TRY IT: Every entry must be echoed exactly.

=== DATA FOR REVIEW ===

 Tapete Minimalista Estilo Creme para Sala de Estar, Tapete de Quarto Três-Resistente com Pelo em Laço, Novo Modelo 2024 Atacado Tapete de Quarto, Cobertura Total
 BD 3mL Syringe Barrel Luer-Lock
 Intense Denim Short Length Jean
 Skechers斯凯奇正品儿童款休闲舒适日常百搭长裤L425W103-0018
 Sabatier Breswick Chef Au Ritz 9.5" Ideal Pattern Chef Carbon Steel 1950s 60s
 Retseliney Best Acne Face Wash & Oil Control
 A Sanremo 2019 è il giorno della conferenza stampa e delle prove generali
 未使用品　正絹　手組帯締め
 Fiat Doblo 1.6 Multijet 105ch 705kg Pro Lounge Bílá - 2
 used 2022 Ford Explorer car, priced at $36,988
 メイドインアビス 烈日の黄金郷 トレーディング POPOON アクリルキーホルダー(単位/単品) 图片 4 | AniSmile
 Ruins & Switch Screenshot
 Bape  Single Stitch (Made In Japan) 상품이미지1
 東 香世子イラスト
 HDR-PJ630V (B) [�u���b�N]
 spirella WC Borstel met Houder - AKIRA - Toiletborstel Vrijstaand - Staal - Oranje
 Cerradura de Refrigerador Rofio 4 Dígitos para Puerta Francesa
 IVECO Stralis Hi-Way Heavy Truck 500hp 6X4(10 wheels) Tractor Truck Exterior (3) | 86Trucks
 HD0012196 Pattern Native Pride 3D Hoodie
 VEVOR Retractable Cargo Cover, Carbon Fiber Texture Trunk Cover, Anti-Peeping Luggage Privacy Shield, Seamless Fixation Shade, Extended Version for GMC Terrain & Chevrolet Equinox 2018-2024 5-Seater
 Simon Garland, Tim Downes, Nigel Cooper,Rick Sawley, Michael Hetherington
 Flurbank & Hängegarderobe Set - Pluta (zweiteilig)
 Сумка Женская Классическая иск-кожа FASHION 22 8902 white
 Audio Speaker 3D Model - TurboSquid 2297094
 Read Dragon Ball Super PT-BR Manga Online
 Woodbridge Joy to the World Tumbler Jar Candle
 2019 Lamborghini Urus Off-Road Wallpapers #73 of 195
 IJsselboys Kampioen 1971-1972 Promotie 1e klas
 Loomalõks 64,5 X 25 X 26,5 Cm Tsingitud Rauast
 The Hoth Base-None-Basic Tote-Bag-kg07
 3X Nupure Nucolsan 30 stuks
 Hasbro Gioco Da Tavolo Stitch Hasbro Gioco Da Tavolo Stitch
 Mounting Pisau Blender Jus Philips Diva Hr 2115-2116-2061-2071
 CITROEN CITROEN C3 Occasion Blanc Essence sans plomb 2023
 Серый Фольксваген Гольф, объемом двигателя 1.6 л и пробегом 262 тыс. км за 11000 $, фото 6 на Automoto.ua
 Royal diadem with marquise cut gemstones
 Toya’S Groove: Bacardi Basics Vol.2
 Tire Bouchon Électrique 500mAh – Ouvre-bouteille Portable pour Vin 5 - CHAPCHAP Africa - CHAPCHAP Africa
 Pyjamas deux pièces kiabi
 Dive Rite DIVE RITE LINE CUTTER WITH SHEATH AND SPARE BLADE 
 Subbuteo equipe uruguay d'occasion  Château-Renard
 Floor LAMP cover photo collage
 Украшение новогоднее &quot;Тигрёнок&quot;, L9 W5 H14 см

===

EXPECTED ANSWER:
 Tapete Minimalista Estilo Creme para Sala de Estar, Tapete de Quarto Três-Resistente com Pelo em Laço, Novo Modelo 2024 Atacado Tapete de Quarto, Cobertura Total
 BD 3mL Syringe Barrel Luer-Lock
 Intense Denim Short Length Jean
 Skechers斯凯奇正品儿童款休闲舒适日常百搭长裤L425W103-0018
 Sabatier Breswick Chef Au Ritz 9.5" Ideal Pattern Chef Carbon Steel 1950s 60s
 Retseliney Best Acne Face Wash & Oil Control
 A Sanremo 2019 è il giorno della conferenza stampa e delle prove generali
 未使用品　正絹　手組帯締め
 Fiat Doblo 1.6 Multijet 105ch 705kg Pro Lounge Bílá - 2
 used 2022 Ford Explorer car, priced at $36,988
 メイドインアビス 烈日の黄金郷 トレーディング POPOON アクリルキーホルダー(単位/単品) 图片 4 | AniSmile
 Ruins & Switch Screenshot
 Bape  Single Stitch (Made In Japan) 상품이미지1
 東 香世子イラスト
 HDR-PJ630V (B) [�u���b�N]
 spirella WC Borstel met Houder - AKIRA - Toiletborstel Vrijstaand - Staal - Oranje
 Cerradura de Refrigerador Rofio 4 Dígitos para Puerta Francesa
 IVECO Stralis Hi-Way Heavy Truck 500hp 6X4(10 wheels) Tractor Truck Exterior (3) | 86Trucks
 HD0012196 Pattern Native Pride 3D Hoodie
 VEVOR Retractable Cargo Cover, Carbon Fiber Texture Trunk Cover, Anti-Peeping Luggage Privacy Shield, Seamless Fixation Shade, Extended Version for GMC Terrain & Chevrolet Equinox 2018-2024 5-Seater
 Simon Garland, Tim Downes, Nigel Cooper,Rick Sawley, Michael Hetherington
 Flurbank & Hängegarderobe Set - Pluta (zweiteilig)
 Сумка Женская Классическая иск-кожа FASHION 22 8902 white
 Audio Speaker 3D Model - TurboSquid 2297094
 Read Dragon Ball Super PT-BR Manga Online
 Woodbridge Joy to the World Tumbler Jar Candle
 2019 Lamborghini Urus Off-Road Wallpapers #73 of 195
 IJsselboys Kampioen 1971-1972 Promotie 1e klas
 Loomalõks 64,5 X 25 X 26,5 Cm Tsingitud Rauast
 The Hoth Base-None-Basic Tote-Bag-kg07
 3X Nupure Nucolsan 30 stuks
 Hasbro Gioco Da Tavolo Stitch Hasbro Gioco Da Tavolo Stitch
 Mounting Pisau Blender Jus Philips Diva Hr 2115-2116-2061-2071
 CITROEN CITROEN C3 Occasion Blanc Essence sans plomb 2023
 Серый Фольксваген Гольф, объемом двигателя 1.6 л и пробегом 262 тыс. км за 11000 $, фото 6 на Automoto.ua
 Royal diadem with marquise cut gemstones
 Toya’S Groove: Bacardi Basics Vol.2
 Tire Bouchon Électrique 500mAh – Ouvre-bouteille Portable pour Vin 5 - CHAPCHAP Africa - CHAPCHAP Africa
 Pyjamas deux pièces kiabi
 Dive Rite DIVE RITE LINE CUTTER WITH SHEATH AND SPARE BLADE 
 Subbuteo equipe uruguay d'occasion  Château-Renard
 Floor LAMP cover photo collage
 Украшение новогоднее &quot;Тигрёнок&quot;, L9 W5 H14 см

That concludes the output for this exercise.